### Records from a collection:
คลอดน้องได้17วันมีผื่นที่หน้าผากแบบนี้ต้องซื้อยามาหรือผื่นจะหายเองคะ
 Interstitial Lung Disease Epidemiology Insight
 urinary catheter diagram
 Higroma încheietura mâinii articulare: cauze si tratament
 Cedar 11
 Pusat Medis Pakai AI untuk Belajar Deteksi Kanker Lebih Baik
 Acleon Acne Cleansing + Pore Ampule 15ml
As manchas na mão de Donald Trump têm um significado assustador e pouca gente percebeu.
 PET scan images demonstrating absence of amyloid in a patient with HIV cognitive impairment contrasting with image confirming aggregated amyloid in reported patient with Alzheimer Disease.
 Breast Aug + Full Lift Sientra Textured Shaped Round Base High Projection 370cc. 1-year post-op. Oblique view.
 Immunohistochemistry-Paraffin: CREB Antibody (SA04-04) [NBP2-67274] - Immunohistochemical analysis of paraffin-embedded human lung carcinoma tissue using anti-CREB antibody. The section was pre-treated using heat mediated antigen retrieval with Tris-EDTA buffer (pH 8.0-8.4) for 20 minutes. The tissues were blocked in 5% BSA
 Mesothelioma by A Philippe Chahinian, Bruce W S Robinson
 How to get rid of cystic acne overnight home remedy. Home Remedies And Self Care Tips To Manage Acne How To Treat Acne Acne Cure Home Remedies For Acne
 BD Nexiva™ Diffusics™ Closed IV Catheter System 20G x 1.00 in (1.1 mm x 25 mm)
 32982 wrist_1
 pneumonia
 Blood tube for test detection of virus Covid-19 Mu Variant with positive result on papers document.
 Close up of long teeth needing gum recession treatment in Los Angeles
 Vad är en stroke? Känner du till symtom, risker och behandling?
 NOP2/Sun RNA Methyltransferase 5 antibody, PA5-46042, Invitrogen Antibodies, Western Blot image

### Your instructions:
Copy the lines of the data above exactly as written, beginning with the line containing "How to get rid" and ending with the line containing "Vad är en stroke?", and leave out all other lines.

### Exercise answer:
 How to get rid of cystic acne overnight home remedy. Home Remedies And Self Care Tips To Manage Acne How To Treat Acne Acne Cure Home Remedies For Acne
 BD Nexiva™ Diffusics™ Closed IV Catheter System 20G x 1.00 in (1.1 mm x 25 mm)
 32982 wrist_1
 pneumonia
 Blood tube for test detection of virus Covid-19 Mu Variant with positive result on papers document.
 Close up of long teeth needing gum recession treatment in Los Angeles
 Vad är en stroke? Känner du till symtom, risker och behandling?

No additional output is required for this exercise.